クラカケアザラシ

英名:Ribbon seal
学名:Histriophoca fasciata
生息地域:オホーツク海、ベーリング海
Ribbon Sea

画像引用元:Wikipedia

クラカケアザラシの概要

クラカケアザラシは、とってもユニークな模様をもつアザラシです。体の色は黒に近いグレーで、そこに白い帯のような模様が体の前後をぐるっと囲むように入っています。この模様が、くら(鞍)をかけたように見えることから「クラカケ(鞍掛け)アザラシ」と名づけられました。

体の大きさは中くらいで、大人になると体長1.5〜1.7m、体重は80〜120kgほどです。丸っこい体にくりっとした目、そしてツルンとした顔つきがとても愛らしく、水族館などでも人気のある種類です。
現在(2025年8月時点)日本で飼育している水族館はありません。

クラカケアザラシの生息地域 

クラカケアザラシは、北太平洋の寒い海にすんでいます。特に冬になると、流氷のあるオホーツク海やベーリング海、千島列島付近などでよく見られます。日本では、北海道の北部の海にまれに姿を見せることがあり、運がよければ野生の姿を観察することもできます。

クラカケアザラシの暮らし

流氷の上で休んだり、海にもぐってエサをさがしたりしてくらしています。単独か、少人数のグループで行動することが多く、比較的おだやかな性格です。泳ぐのがとても上手で、氷の下をスイスイと移動することができます。

クラカケアザラシの食事

主に魚やイカ、エビなどを食べています。口の中にはたくさんの歯があり、小さな魚をパクパクと上手に食べます。ときには海底近くにもぐって、甲殻類を探すこともあります。

クラカケアザラシの赤ちゃん

赤ちゃんは、冬の終わり〜春のはじめにかけて生まれます。流氷の上で1頭だけ産まれ、最初は白くてふわふわの毛でおおわれています。この毛は「ラン毛」と呼ばれ、とてもかわいらしい見た目です。
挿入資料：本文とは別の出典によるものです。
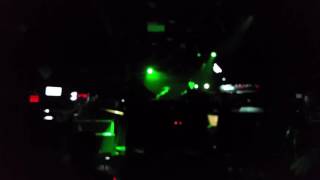 Squarepusher @ LPR - Journey to Reedham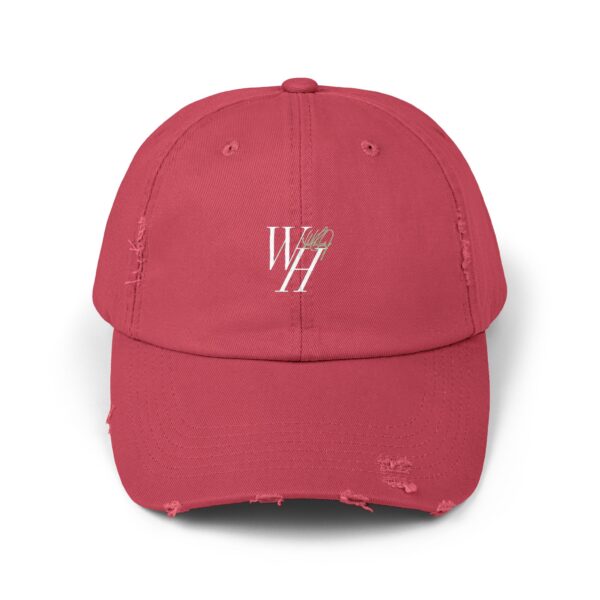 Whitney Houston Unisex Distressed Cap - Image 25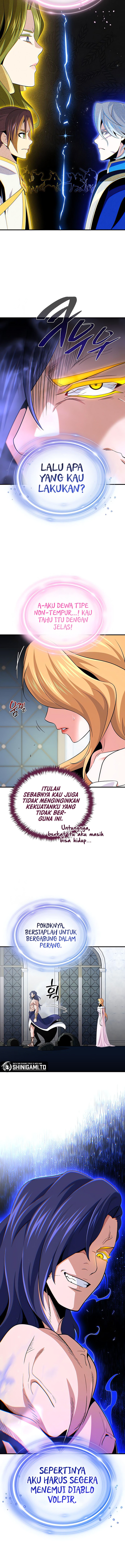Baca The Dark Magician Transmigrates After 66666 Years - Chapter 177 halaman 22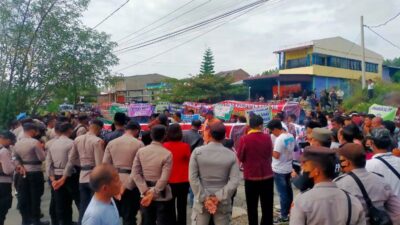 Ketua Aliansi Masyarakat Tani Mengaku Tidak Berdemo Turunkan Bupati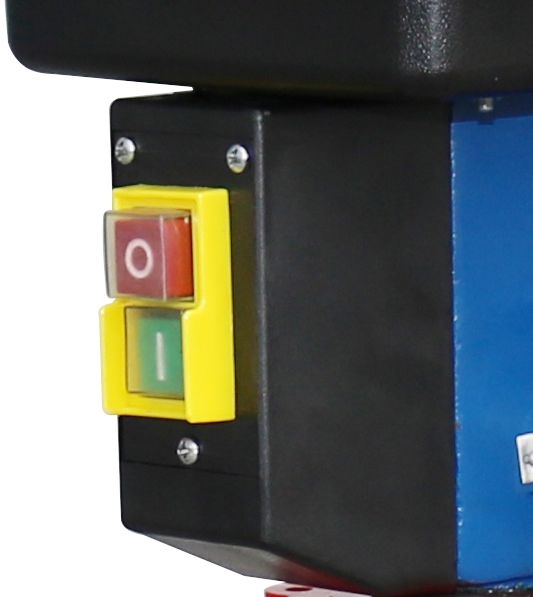 Masina de gaurit cu coloana de foraj GTB 14/509 500W Gude 55201, 500 W [3]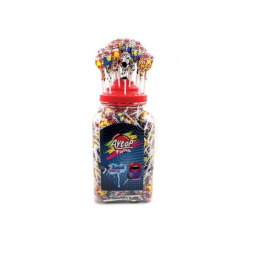 Льодяник 'AYTOP FANS' 12г 150шт (6)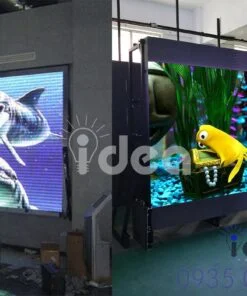 Mẫu bảng hiệu quảng cáo Quận Bình Thạnh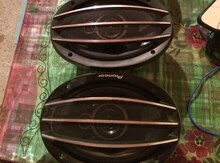 "Pioneer 500w" dinamikləri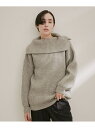 ySALE^40%OFFzyGfځzyOLDDERBY KNITWEARzZ[[J[ujbgvI[o[ SALON adam et rope' T A_ G y gbvX jbg O[ zCgyRBA_Ezyz[Rakuten Fashion]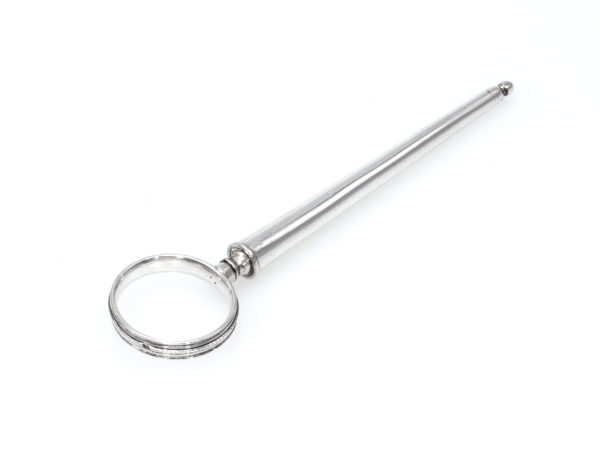 Zilveren priem 1808-1809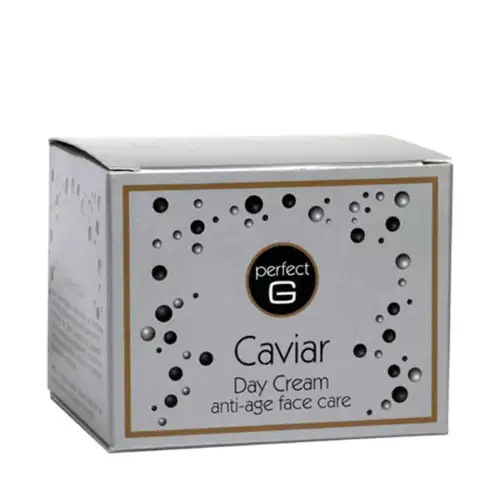 Caviar Day Cream 50Ml Tommy G Πρόσωπο Ενυδατωση - Αντιγηρανση Κρέμα Ημέρας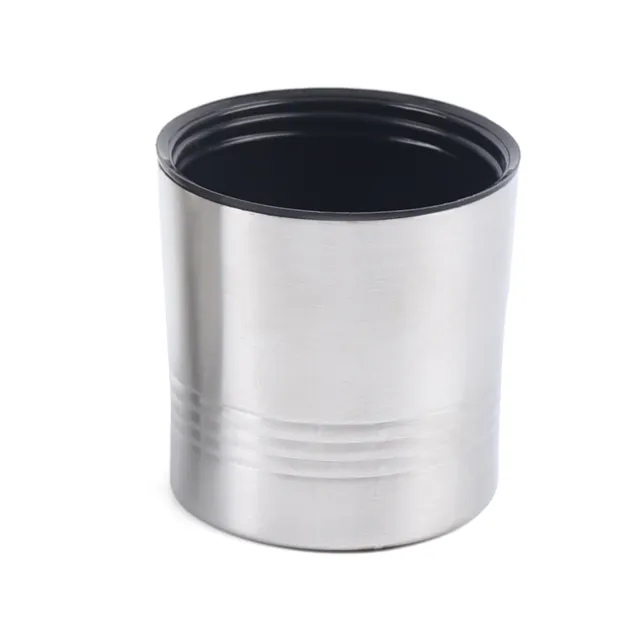 12V Car Heating Cup Electric Water Heater Stainless Steel Travel Coffee Machine 9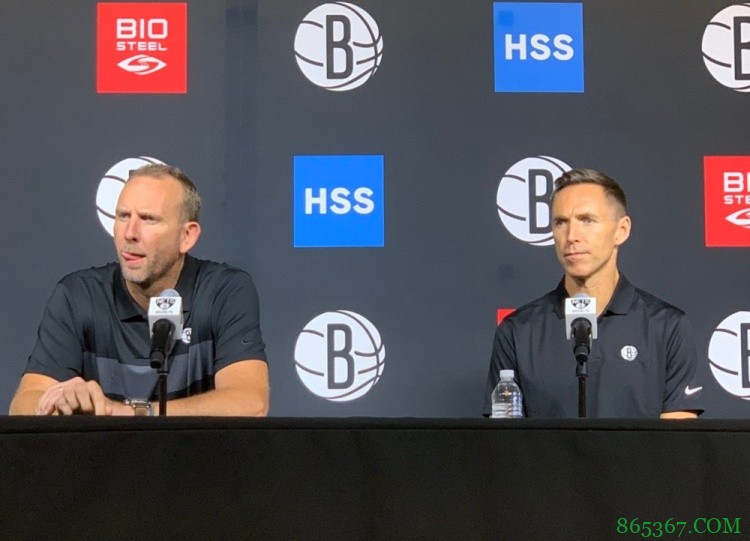 纳什:新秀要为进入轮换而努力 要做好长远的准备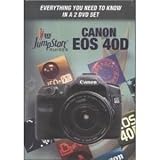 Jumpstart DVD Training Guide for the Canon EOS 40D Digital Camera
お母さんは数週間のあいだ赤ちゃんにミルクをあげて育て、赤ちゃんはどんどん太って、毛がぬけ変わるころには泳ぎの練習も始まります。

クラカケアザラシの一生

クラカケアザラシは、自然の中でだいたい20〜30年ほど生きるといわれています。天敵にはシャチやホッキョクグマなどがいますが、広い海や流氷の上でうまく身を守りながら生活しています。

クラカケアザラシを取り巻く状況

クラカケアザラシは、世界的には絶滅危惧種とはされていませんが、生態の詳細はまだよくわかっていないことが多いアザラシです。観察がむずかしい場所にすんでいるため、研究が進められている最中です。また、地球温暖化による流氷の減少は、今後のくらしに影響をあたえるかもしれません。